Some time passes and the question arises, how do I improve my mining while training up cruiser hulls? How do we manage all the intertwining skills required for the mission, ships, and activities? We are told by the old and wise -- EveMON. Yes, there is salvation! EveMON, A third party tool that will solve all your skill up problems. A silver bullet no doubt.
So a single plan for each of the careers. Then merge them to the main plan -- that should work. But eventually it dawns on us that 4D of training on this and 12D of training on that is 16D of training -- no matter how you order it. So when do we decide to wait 16D before we complete a separate 4D train? Ah ha! train the skills that are gates for other necessary skills first. Yes! That is the equation!
We continue to walk, believing we are running -- but not just yet.
You are called to a fleet to fly DD ... but you have to meta the standard fit. (What's a meta we wonder? ... well it means you are outside of the standard training expectations -- a.k.a too dumb to fly a proper ship.) A bit dejected yes, but you are thankful your corp is "NewBro friendly".
Soon after your first fleet you join a shared can blowing up some rocks. You quietly thank the stars (all 5000 of them), that this is a shared can. At the rate you mine it would take days to clear a belt while your corp mates melt away the rocks at a blinding pace -- you are still on your first rock when they clear the belt. You wonder if spreadsheets would be a better use of your time.
And then there is the exploration gig, or the Logistics class, perhaps industry was the call you got. Soon we all realize that everything for everyone is a renaissance dream. You stumble on that "City Slicker" truism -- one thing. Yes, choose one thing. The sense of lose, the despair of lost opportunities. Which one thing?
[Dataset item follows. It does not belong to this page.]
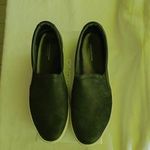 Vagabond 40-es beleugrós bőrsneaker cipő fotó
This is the third lesson. Without focus, you train nowhere even though it looks like you are training everywhere. The third lesson -- do one thing well, very well. The corollary -- have an Alt or two for the other things.
The Forth Lesson
The joy you begin to realize is in the doing.
I have 1 alt that carries out research, and invents T2 BPC exceptionally well. But if she had to fight anything but a common rat -- well that's what clones are for.
Another Mines like she was born to bore. But don't ask her to sell her ore -- the taxes are such a dent in the cash flow.
Yet another that built our player corporation, with the hope of one day deploying a moon array -- yes hope can be fun too!
And then there is my main. She has put her focus into PvP. To fight for the Uni (actually more like to die for the Uni -- very little training needed for that).
So as a few weeks or a month goes by there is always a toon that can say "Awesome, I can now fly this or do that"! With one step at a time, we experience joy in the journey. The journey to the day we reverse our kill board trend from down in the ranks to up. The day we start making more ISK then we spend (and stop selling those PLEX to cover our ship losses -- which is more like very expensive Fit Losses). The day we just get out there with our corp mates and do whatever it is they are doing with the Alt. that does that well.
When we get this far we have learned the forth lesson. Train to what we do and do it well. Along the way, enjoy the journey of getting there.
I have yet to complete the fifth lesson, whatever that may be. I look forward to discovering it.
Fly Safe! Be Dangerous!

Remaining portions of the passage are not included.